Zlastisa Markova reviews Claudia Losi’s Being There exhibition at Ikon Gallery, featuring eloquent embroidery constructed over two years

Written by Zlatitsa Markova
Published
Images by Ikon Gallery

In the Tower Room of Ikon Gallery sits the beautiful exhibition of Italian artist Claudia Losi’s project Being There, a two-part project conceived and realised by the artist in collaboration with Italian arts collective Colletivo Amigdala.

The piece called ‘Poli Antarctici Constitutio’ (2019) is displayed for the first time in Ikon and it features an intricately embroidered silk cloth. It depicts the Antarctic as represented by Athanasius Kircher in Mundus Subterraneus (1664), a scientific textbook which portrays the Earth’s geography through textual description, as well as lavish illustrations.

Losi has fabricated her artwork over a period of nearly two years by a group of twelve women, none of whom professional embroiderers

Losi has fabricated her artwork over a period of nearly two years by a group of twelve women, none of whom professional embroiderers. Most of them were her friends and casually attended the studio to have a little escape from their routines and their collective work appears to carry the stories of these women in every stitch. The blues and whites of it seem as if they are moving in circles before you and are really able to transport you to a calmer place.

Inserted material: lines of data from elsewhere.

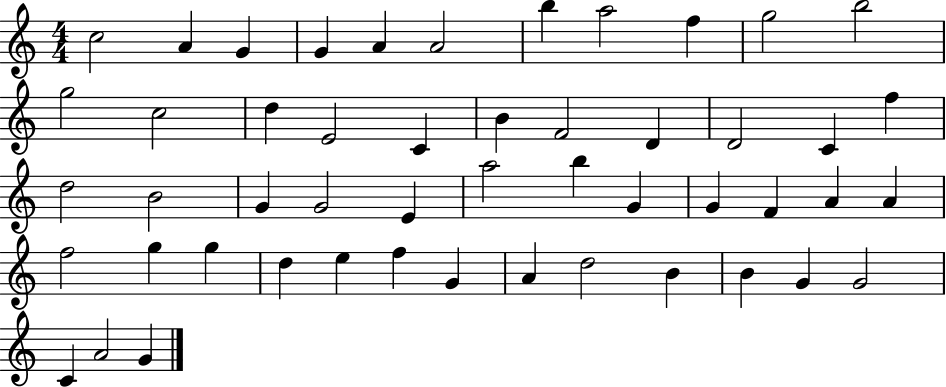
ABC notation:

X:1
T:Untitled
M:4/4
L:1/4
K:C
c2 A G G A A2 b a2 f g2 b2 g2 c2 d E2 C B F2 D D2 C f d2 B2 G G2 E a2 b G G F A A f2 g g d e f G A d2 B B G G2 C A2 G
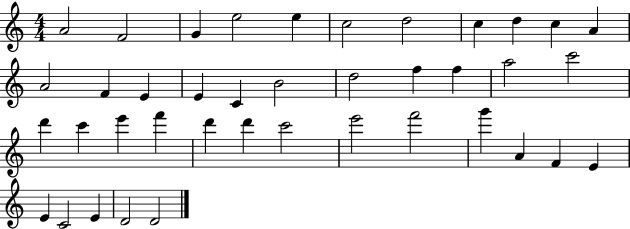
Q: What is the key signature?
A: C major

The exhibition kicked off on the 18th of September with an art performance. Colletivo Amigdala is an artistic group who typically use voice as a medium in spite-specific performances and they activated Losi’s exhibition through a performance along Birmingham’s canals. Using ‘Slow Boat’ as a stage, the performers interacted with local singers along the towpath, creating a quasi-spontaneous choral dialogue.

In this manner, both the performance and the artwork are in conversation, ironically, about conversation. Sharing stories and time with people and forming a community through that, seems to be the key theme. The silk cloth as an artwork, provides us not only with an aesthetically pleasing piece, but a story of multiple stories through the fabrication process which we learn about.